SOURCE RECORDS —
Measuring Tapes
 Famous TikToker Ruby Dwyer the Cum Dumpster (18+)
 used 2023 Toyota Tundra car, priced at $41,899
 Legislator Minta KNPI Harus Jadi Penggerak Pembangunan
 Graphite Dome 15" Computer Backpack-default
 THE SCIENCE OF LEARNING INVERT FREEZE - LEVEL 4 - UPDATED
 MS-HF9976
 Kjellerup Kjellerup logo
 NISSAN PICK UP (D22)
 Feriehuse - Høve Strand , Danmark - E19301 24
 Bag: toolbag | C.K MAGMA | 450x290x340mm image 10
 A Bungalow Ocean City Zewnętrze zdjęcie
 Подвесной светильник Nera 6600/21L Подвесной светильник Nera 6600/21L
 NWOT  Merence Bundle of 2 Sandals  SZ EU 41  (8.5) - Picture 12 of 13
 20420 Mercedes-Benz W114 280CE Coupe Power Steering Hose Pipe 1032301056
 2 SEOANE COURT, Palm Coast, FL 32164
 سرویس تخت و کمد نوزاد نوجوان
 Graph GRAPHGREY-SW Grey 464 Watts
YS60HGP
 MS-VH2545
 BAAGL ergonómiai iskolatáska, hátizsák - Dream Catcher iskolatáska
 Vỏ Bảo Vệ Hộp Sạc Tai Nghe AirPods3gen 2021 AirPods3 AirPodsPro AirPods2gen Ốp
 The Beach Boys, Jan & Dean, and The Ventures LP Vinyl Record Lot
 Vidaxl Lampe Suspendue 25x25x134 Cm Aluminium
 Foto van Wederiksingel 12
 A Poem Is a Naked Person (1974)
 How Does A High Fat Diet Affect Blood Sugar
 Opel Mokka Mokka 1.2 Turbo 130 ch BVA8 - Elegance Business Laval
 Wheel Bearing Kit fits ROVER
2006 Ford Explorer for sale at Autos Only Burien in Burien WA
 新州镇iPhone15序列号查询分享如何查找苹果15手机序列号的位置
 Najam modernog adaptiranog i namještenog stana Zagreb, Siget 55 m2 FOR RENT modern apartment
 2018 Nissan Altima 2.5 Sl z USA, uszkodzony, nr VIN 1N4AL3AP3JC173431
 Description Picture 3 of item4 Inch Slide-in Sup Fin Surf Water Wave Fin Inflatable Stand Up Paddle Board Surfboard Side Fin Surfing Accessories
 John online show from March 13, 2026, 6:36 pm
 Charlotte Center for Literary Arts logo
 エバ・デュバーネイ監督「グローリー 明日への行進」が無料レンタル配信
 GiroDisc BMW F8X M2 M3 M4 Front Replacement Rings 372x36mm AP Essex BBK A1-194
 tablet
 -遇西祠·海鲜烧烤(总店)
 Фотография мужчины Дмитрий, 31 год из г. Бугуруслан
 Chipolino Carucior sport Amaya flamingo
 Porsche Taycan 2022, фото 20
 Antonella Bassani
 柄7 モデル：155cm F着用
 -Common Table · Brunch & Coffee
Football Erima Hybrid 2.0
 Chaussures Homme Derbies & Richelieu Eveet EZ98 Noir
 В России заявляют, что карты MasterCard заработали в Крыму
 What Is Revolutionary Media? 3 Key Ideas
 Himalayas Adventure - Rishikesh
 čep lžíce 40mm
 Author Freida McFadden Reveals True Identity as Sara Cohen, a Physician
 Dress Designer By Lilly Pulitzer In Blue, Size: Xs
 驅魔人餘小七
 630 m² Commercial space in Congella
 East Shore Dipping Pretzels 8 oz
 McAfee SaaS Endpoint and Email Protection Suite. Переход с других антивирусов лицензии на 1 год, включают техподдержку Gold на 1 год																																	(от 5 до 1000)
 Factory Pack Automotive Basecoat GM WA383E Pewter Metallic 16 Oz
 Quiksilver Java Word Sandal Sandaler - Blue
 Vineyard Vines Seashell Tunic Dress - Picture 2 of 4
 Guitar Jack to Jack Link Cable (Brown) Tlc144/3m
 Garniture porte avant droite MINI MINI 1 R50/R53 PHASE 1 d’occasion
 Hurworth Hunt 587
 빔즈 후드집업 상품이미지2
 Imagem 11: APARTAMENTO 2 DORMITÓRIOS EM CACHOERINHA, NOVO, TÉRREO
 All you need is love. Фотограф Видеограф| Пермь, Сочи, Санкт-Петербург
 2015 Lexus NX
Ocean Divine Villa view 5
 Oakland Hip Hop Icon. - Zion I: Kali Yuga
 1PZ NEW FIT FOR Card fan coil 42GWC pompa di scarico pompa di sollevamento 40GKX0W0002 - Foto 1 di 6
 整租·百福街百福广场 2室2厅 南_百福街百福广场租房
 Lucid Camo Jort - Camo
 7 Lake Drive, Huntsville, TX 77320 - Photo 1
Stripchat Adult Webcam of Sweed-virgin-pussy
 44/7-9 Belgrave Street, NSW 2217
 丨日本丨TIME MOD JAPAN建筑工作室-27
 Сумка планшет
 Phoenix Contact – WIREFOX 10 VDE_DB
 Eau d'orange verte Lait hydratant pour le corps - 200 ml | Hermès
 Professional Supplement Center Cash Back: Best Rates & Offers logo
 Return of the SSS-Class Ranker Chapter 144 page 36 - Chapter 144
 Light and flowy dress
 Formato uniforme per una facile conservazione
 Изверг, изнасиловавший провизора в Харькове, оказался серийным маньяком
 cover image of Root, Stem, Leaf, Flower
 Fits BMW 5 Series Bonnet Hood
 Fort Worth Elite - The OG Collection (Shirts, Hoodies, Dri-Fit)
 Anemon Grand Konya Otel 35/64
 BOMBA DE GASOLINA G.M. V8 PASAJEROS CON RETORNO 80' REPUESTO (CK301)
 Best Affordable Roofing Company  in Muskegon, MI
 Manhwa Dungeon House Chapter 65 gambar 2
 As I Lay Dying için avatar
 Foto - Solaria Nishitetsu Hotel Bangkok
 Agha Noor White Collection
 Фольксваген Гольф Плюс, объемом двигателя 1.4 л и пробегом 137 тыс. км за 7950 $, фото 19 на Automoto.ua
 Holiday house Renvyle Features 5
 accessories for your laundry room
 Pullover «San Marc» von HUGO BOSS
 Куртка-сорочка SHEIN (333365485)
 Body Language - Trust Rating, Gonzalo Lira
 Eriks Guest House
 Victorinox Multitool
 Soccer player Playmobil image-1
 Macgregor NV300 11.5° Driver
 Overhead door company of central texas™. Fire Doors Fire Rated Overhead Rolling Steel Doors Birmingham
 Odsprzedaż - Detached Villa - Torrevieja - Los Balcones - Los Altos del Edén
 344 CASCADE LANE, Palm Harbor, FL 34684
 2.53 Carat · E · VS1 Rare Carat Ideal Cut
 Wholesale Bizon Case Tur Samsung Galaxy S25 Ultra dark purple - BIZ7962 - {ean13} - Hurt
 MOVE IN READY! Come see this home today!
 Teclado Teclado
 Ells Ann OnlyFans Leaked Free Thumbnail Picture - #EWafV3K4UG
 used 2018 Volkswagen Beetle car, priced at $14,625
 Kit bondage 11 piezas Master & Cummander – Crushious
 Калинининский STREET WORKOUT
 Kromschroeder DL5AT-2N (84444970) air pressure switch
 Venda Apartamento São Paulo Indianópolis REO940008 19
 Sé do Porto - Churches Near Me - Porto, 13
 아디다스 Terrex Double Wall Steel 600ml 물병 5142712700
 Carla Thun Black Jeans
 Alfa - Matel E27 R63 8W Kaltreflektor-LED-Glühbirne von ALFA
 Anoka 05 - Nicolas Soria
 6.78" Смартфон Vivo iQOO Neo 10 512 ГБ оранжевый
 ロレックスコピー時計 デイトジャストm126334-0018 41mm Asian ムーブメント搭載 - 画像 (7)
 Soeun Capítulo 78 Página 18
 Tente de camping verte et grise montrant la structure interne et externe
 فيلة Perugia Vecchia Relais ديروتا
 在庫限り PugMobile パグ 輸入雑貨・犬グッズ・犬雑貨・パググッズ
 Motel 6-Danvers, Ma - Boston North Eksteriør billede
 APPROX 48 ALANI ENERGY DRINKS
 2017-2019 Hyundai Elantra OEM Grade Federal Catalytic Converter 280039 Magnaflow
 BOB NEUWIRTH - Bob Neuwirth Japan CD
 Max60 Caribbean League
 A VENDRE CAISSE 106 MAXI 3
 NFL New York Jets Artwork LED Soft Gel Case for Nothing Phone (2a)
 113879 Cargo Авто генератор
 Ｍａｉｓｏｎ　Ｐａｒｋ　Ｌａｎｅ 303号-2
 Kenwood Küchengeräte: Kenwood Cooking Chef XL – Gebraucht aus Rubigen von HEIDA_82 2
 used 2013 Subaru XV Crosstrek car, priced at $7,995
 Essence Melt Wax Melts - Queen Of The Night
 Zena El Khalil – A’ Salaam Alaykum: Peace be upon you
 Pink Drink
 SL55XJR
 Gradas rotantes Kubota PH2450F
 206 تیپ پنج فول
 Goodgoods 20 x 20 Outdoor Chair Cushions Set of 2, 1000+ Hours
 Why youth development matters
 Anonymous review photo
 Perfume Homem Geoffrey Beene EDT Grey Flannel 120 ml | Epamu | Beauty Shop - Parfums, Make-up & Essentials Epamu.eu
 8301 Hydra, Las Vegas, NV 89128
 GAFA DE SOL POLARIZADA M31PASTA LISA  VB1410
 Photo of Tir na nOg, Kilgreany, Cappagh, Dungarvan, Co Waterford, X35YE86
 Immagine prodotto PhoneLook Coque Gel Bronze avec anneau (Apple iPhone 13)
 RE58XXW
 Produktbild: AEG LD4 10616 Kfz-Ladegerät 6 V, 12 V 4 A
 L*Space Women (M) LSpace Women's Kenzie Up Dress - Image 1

THE PROBLEM — Please show the lines of the material that contain the string "Grey".

ANSWER SPACE —
 Graph GRAPHGREY-SW Grey 464 Watts
 Perfume Homem Geoffrey Beene EDT Grey Flannel 120 ml | Epamu | Beauty Shop - Parfums, Make-up & Essentials Epamu.eu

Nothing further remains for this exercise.